Tens of thousands of people have participated in the demonstrations. The numbers are still nowhere near the hundreds of thousands who took part in the Green Revolution protests, but those demonstrations were concentrated in Tehran and led by students and the middle class. This time, the protests began mostly with the lower classes and have spread throughout almost all of Iran to many distant towns that the regime now finds difficult to control. It seems that for a significant group of people, the barrier of fear has been breached – something that did not happen in the past and prevented similar action since the brutal repression of the protests nearly nine years ago.

The high cost of living may have been the original motivation for people to take to the streets, but it is far from the only one.
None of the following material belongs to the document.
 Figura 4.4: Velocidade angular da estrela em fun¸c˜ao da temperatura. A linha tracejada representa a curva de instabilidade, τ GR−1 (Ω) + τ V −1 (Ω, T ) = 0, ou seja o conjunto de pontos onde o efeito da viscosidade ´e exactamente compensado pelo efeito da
The anger against rising prices has added to the accumulating despair of young people who are educated yet unemployed. In the background is a long-time bitterness for a large part of the Iranian public over the Islamic regime’s strict enforcement of religious laws. The most remarkable visual emblem of the protests so far – and their escalation will certainly bear other symbols – is the video clip in which a young woman removes her head covering in the middle of a demonstration and waves it in the air.
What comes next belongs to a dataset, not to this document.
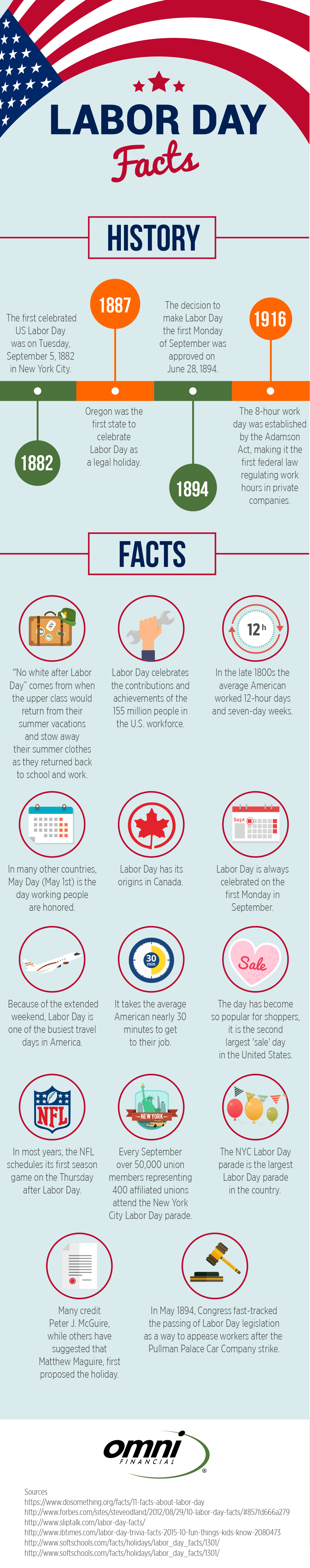 Labor Day Facts Omni Military Loans®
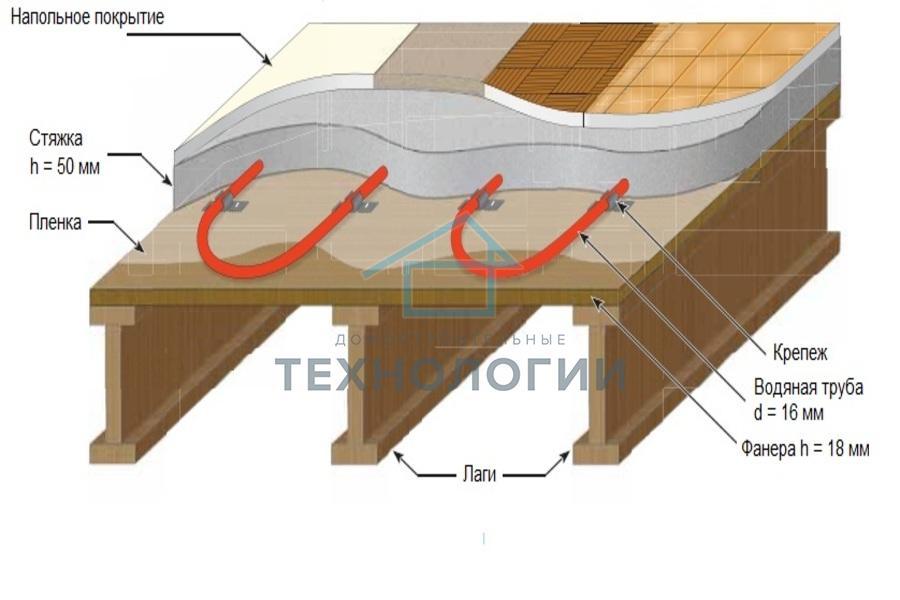 Заливка стяжки на деревянный пол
The Iranian government’s efforts to set in motion and finance the export of the Islamic revolution to other countries has created great anger among the public. In a few cases, protesters were filmed burning pictures of General Qasem Soleimani, the commander of the Al-Quds force of the Iranian Revolutionary Guards who has been lauded as a national hero after the defeat of the Islamic State and the successes of the Assad regime in the civil war in Syria. Raising the prices of eggs and gas at a time when Iran is providing billions of dollars in aid to Syrian President Bashar Assad, Hezbollah, Shi’ite militias in Iraq and the Houthi rebels in Yemen has been the focus of the protesters’ anger.
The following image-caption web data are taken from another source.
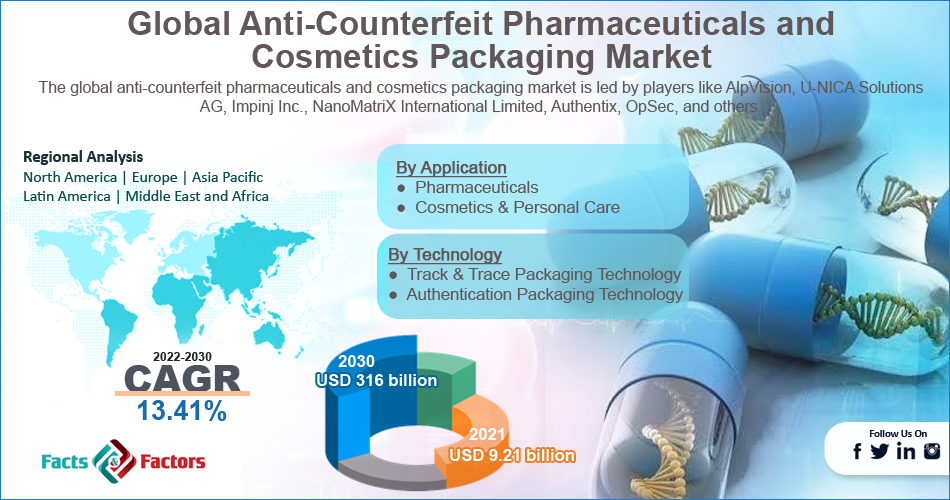 Global Anti-Counterfeit Pharmaceuticals and Cosmetics Packaging Market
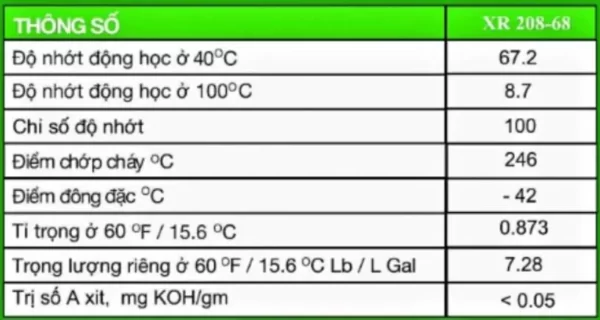 Thông số kỹ thuật của dầu máy nén lạnh cho hệ thống Amoniac Xaerus XR 208-68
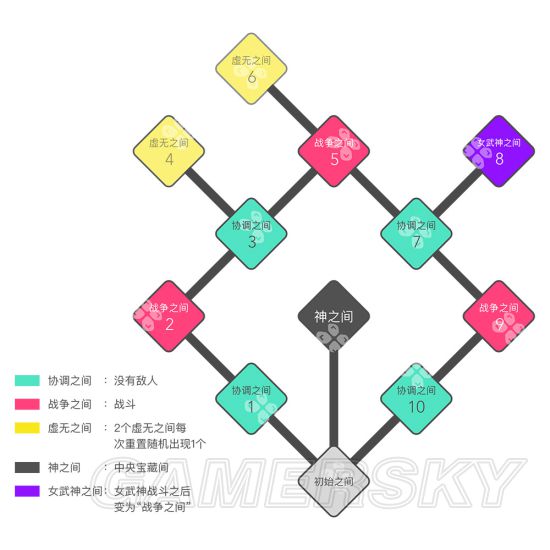 《战神4》浓雾迷宫支线攻略 怎么刷迷雾回音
As of Tuesday evening, the Iranian regime still has not used its full force to put down the protests. It appears that like the foreign intelligence agencies, the Iranian authorities had not predicted the timing of the breakout of public fury. Even though the regime responded violently in a number of cities, and about 20 people have been reported killed so far, it is far from the aggressive means used to quell the 2009 protests. It looks as if the regime is still in the containment stage and has yet to loosen the reins on its offensive forces.

This is also due to Iranian foreign policy: The supreme leader Ayatollah Ali Khamenei and his circle are still very worried about U.S. President Donald Trump’s threats to cancel the nuclear deal. To repulse Trump, the Iranians need the Europeans. The European Union may have remained silent so far in response to the killing of protesters – which is morally grating – but using more force could well lead to new complaints about human rights violations and complicate Iran’s situation vis-a-vis the Europeans.

The sanctions are still important. The ones imposed by the United States at the beginning of this decade hurt the Iranian economy and forced the leadership in Tehran to agree to the nuclear deal, which delayed the Iranian nuclear program. The accumulated damage from the sanctions can still be felt, and it is impeding the rebound capabilities of the Iranian economy.

For now, Trump has expressed his support for the protesters in an almost incidental manner in his tweets, between his fights with the media and his efforts to take credit – for instance, for commercial aviation safety since he took office. But a reconsideration of the sanctions because of Iran’s support for terrorism, its ballistic missile program and human rights violations could provide a real tailwind for the protesters.

There is even a bonus as far as Trump is concerned: This is exactly what the Obama administration did not do in 2009, when it watched somewhat apathetically from a distance as the Green Revolution collapsed. And for now, Israel is still not in the picture.